B<cyrus2dovecot> converts the e-mails of one or more I<user>s from Cyrus
format to Dovecot Maildir++ folders.  If no I<user> is specified, the
I<user> names are read from the standard input, one per line.  Message
C<UID>s, C<INTERNALDATE>s, IMAP folder subscriptions, the C<UIDVALIDITY>
and C<UIDNEXT> values for each folder, as well as all IMAP flags
(including the first 26 user-defined keywords) are preserved during the
conversion.  The generated e-mail filenames include the Maildir++
extensions C<S=E<lt>sizeE<gt>> and C<W=E<lt>vsizeE<gt>> (which are used
by Dovecot for better performance).  Optionally, Maildir++
F<maildirsize> files are created.

=head1 OPTIONS

Within the specified I<PATH>s, any occurrence of C<%u> will be replaced
by the current I<user> name, any occurrence of C<%I<n>u> will be
replaced by the I<n>'th character of that I<user> name, any occurrence
of C<%h> will be replaced by Cyrus' directory "hash" character for that
I<user> name (i.e., C<%h> is equivalent to C<%1u> if the first character
of the I<user> name is a lowercase letter), and any occurrence of C<%x>
will be replaced by Cyrus' "fulldirhash" character for that I<user>
name.  However, within the specified B<--cyrus-quota> I<PATH> (if any),
these replacements will only be done if the B<--cyrus-quota-format>
I<VERSION> is set to C<1>.

The default settings can be found (and modified) at the top of the
B<cyrus2dovecot> script.

=over 8

=item B<-A>, B<--cyrus-database-dir=>I<PATH>

Set B<--cyrus-seen=>I<PATH>F</%u.seen> and
B<--cyrus-sub=>I<PATH>F</%u.sub>.  The latter options override this one.
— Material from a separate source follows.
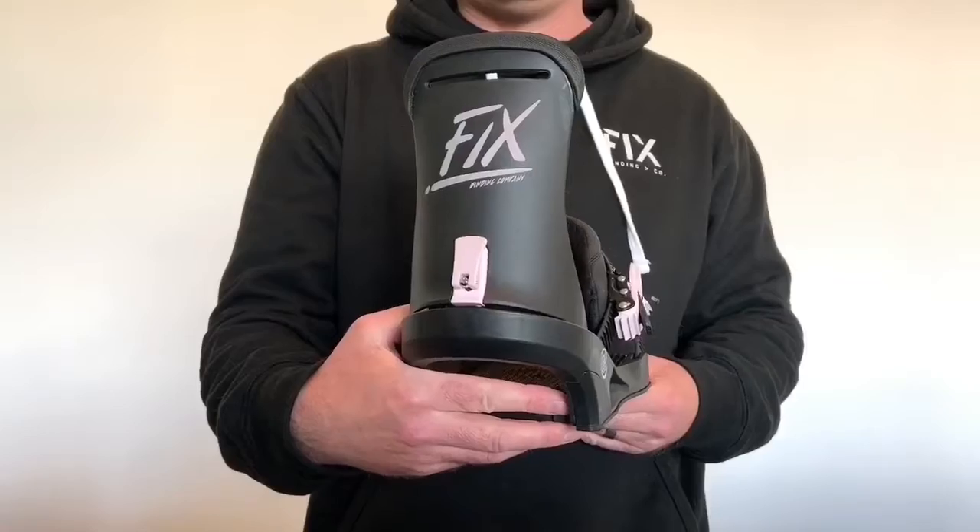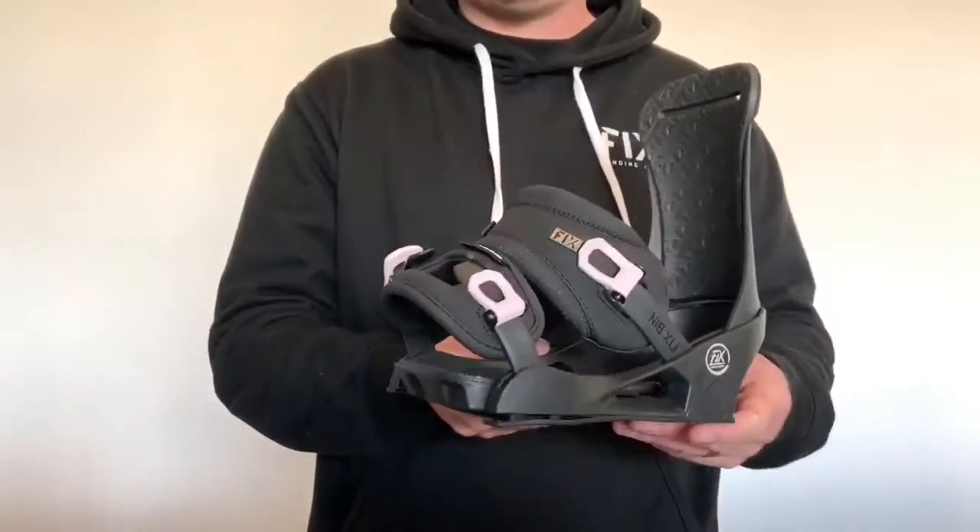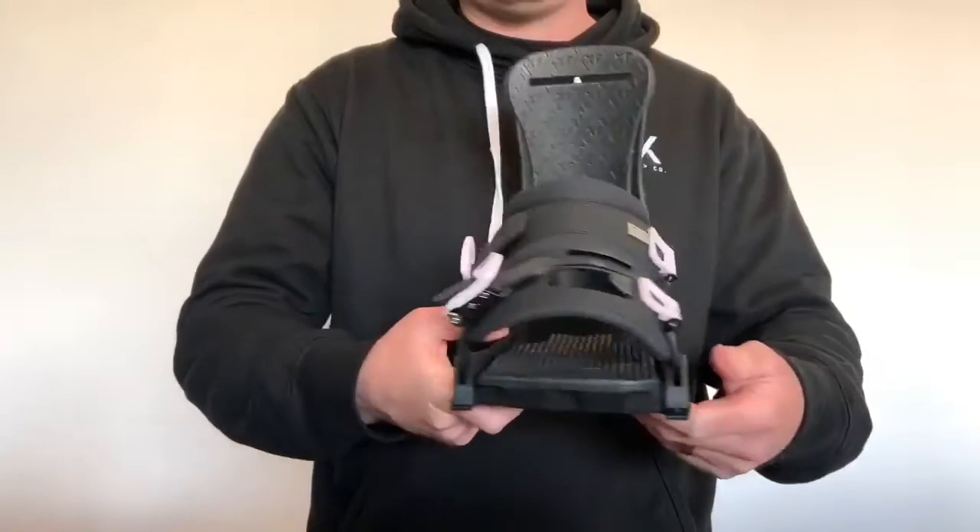This is the Havana. The nice thing about this binding is it's perfect for all mountain riding. It can do everything from the park to riding in the backcountry. It's a really lightweight and soft women's specific binding. It's got a 3D ankle strap which means it's curved on the inside and really allows your boot to naturally roll with the strap.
=item B<-C>, B<--cyrus-inbox=>I<PATH>

Use this I<PATH> to the I<user>'s INBOX folder in Cyrus.

=item B<-Q>, B<--cyrus-quota=>I<PATH>

Use this I<PATH> to the quota database file in Cyrus, and create a
Maildir++ F<maildirsize> file for each I<user> whose quota limit is
found in that file.

=item B<-B>, B<--cyrus-quota-dir=>I<PATH>

Set B<--cyrus-quota=>I<PATH>F</user.%u> and
B<--cyrus-quota-format=>C<1>.  The latter options override this one.

=item B<-O>, B<--cyrus-quota-format=>I<VERSION>

Expect Cyrus' quota database(s) to be present in this format I<VERSION>,
where I<VERSION> C<1> denotes the "quotalegacy" format and I<VERSION>
C<2> denotes the "skiplist" or the "flat" text format (which of those
two formats is used will be autodetected if I<VERSION> C<2> is
specified).  This option is ignored if B<--cyrus-quota> is not
specified.

=item B<-S>, B<--cyrus-seen=>I<PATH>

Use this I<PATH> to the I<user>'s seen database file in Cyrus.  If an
"old-style" F<cyrus.seen> file exists within each Cyrus folder (as opposed to a
central F<cyrus.seen> database for all folders of a I<user>), F<cyrus.seen>
must be specified (literally) as the I<PATH>.

=item B<-U>, B<--cyrus-sub=>I<PATH>

Use this I<PATH> to the I<user>'s subscription database file in
Cyrus.

=item B<-c>, B<--dovecot-crlf>

Store e-mails with C<CR+LF> instead of plain C<LF>.  This flag should be
specified if the C<mail_save_crlf> option is set to C<yes> in the
Dovecot configuration.

=item B<-H>, B<--dovecot-host=>I<NAME>

Use this host I<NAME> for the Maildir++ e-mail file's basename.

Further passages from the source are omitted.